The Markkula Center focuses on working with educators, students, professionals, and organizations on ethics issues in business, government, health care, and character education. The center has a framework for ethical decision making that is designed to help when someone is confronted with a situation that’s more serious than usual and it needs to be fully thought through, says Irina Raicu, the center’s Internet ethics director. “Everything is mobile now, and it was time for the framework to go mobile as well,” she says. “We also thought that an app would be more appealing to a younger crowd.”
The center’s ethical decision making framework features the following 10-step question model:
Recognize an Ethical Issue
- Could this decision or situation be damaging to someone or to some group? Does this decision involve a choice between a good and bad alternative, or perhaps between two “goods” or between two “bads”?
- Is this issue about more than what is legal or what is most efficient? If so, how?
Get the Facts
- What are the relevant facts of the case? What facts are known? Can I learn more about the situation? Do I know enough to make a decision?
- What individuals and groups have an important stake in the outcome? Are some concerns more important? Why?
- What are the options for acting? Have all the relevant persons and groups been consulted? Have I identified creative options?
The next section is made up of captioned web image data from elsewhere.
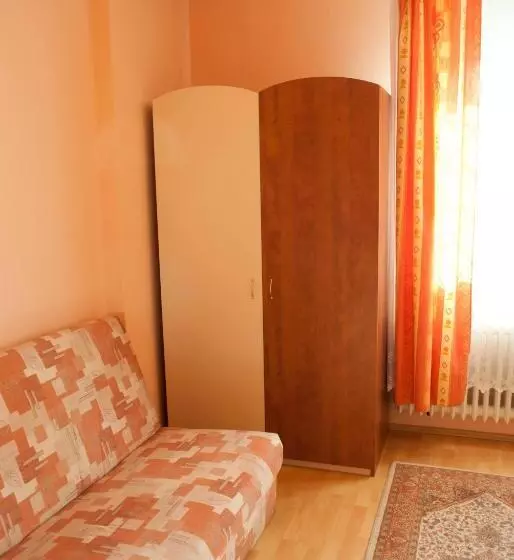 Hotel Pensiunea Vlad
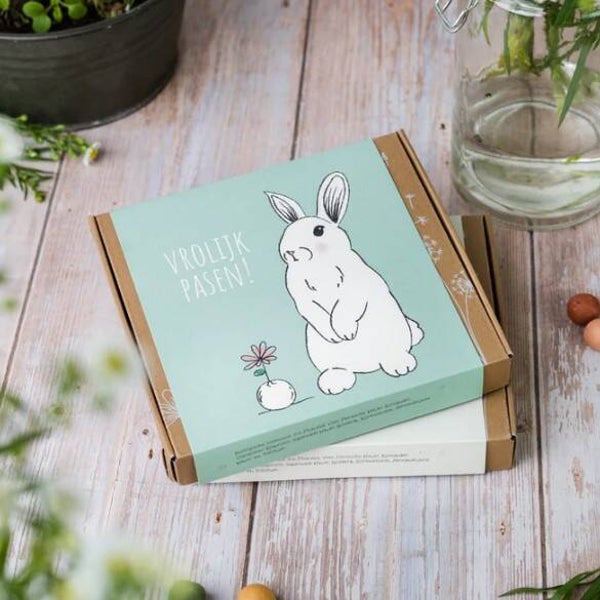 Giftbox met 9 zaadbommetjes VROLIJK PASEN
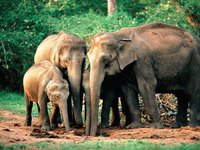 Индийский слон - отличительные признаки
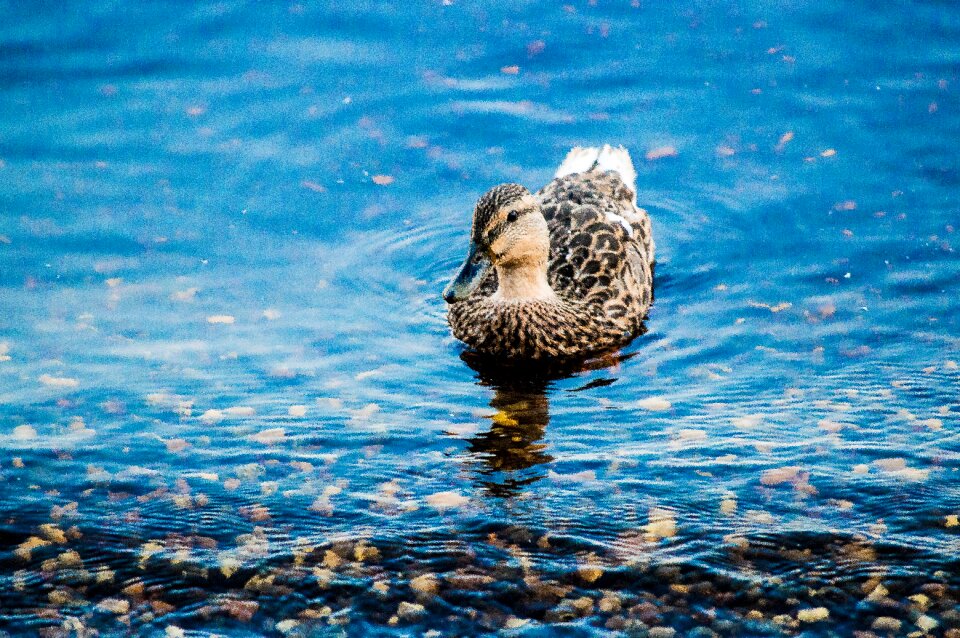 Duckling animals nature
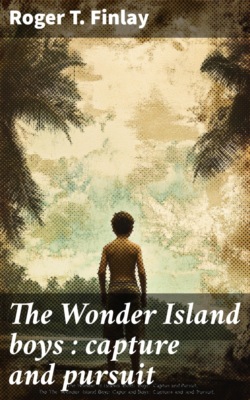 The Wonder Island boys : capture and pursuit
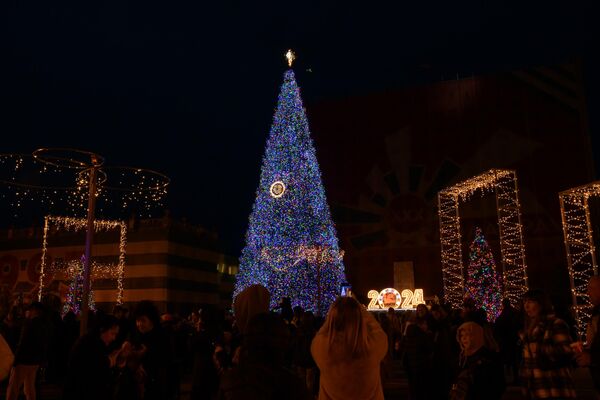Новогодние огни зажглись на главной елке столицы Абхазии.  - Sputnik Абхазия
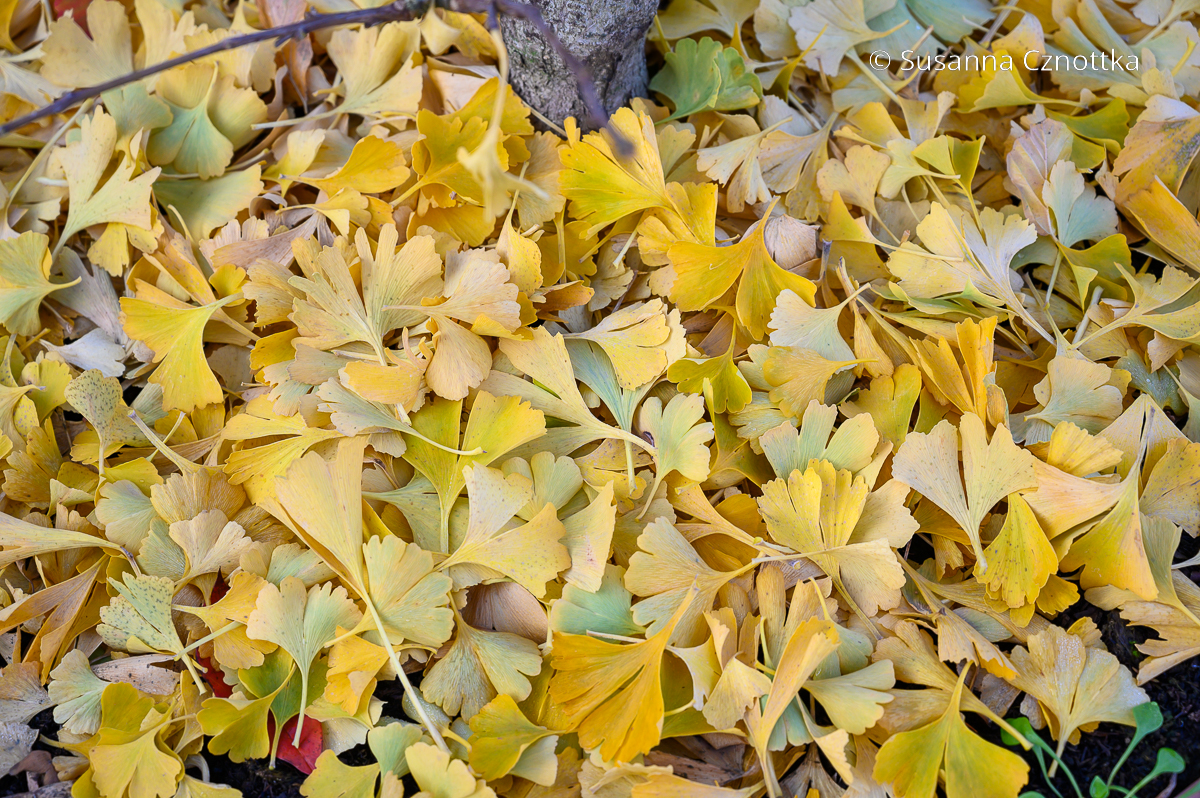 Herbstfärbung in leuchtendem Gelb: Fächerblattbaum (Ginkgo biloba)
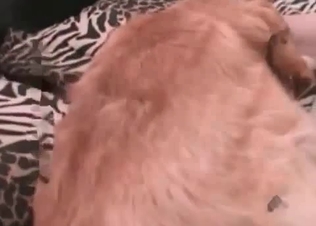 Small doggy is getting drilled hard by a nice zoophile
Evaluate Alternative Actions
- Evaluate the options by asking the following questions:
- Which option will produce the most good and do the least harm? (The Utilitarian Approach)
- Which option best respects the rights of all who have a stake? (The Rights Approach)
- Which option treats people equally or proportionately? (The Justice Approach)
- Which option best serves the community as a whole, not just some members? (The Common Good Approach)
- Which option leads me to act as the sort of person I want to be? (The Virtue Approach)
Make a Decision and Test It
- Considering all these approaches, which option best addresses the situation?
- If I told someone I respect or told a television audience which option I have chosen, what would they say?
Act and Reflect on the Outcome
- How can my decision be implemented with the greatest care and attention to the concerns of all stakeholders?
- How did my decision turn out and what have I learned from this specific situation?
The app asks the user to consider the facts of the situation and the stakeholders involved, using questions from the ethics model framework. The user can indicate how ethical he or she thinks the choice made would be from various perspectives using a ratings scale. A rating of up to 100 is based on the following five ethical approaches: utility, rights, justice, common good, and virtue. The higher the number rating, the more ethical the decision that you are about to make.
The framework and the app can serve as a teaching tool in the classroom. The center received positive feedback from an engineering professor who has used the app with his students at Mahidol University in Thailand, says Raicu. “This app is not a thorough introduction to ethics, but it’s a way of bringing up these ethical perspectives,” she says. “Every page on the app has a button that will take you to more information resources and research on ethics.”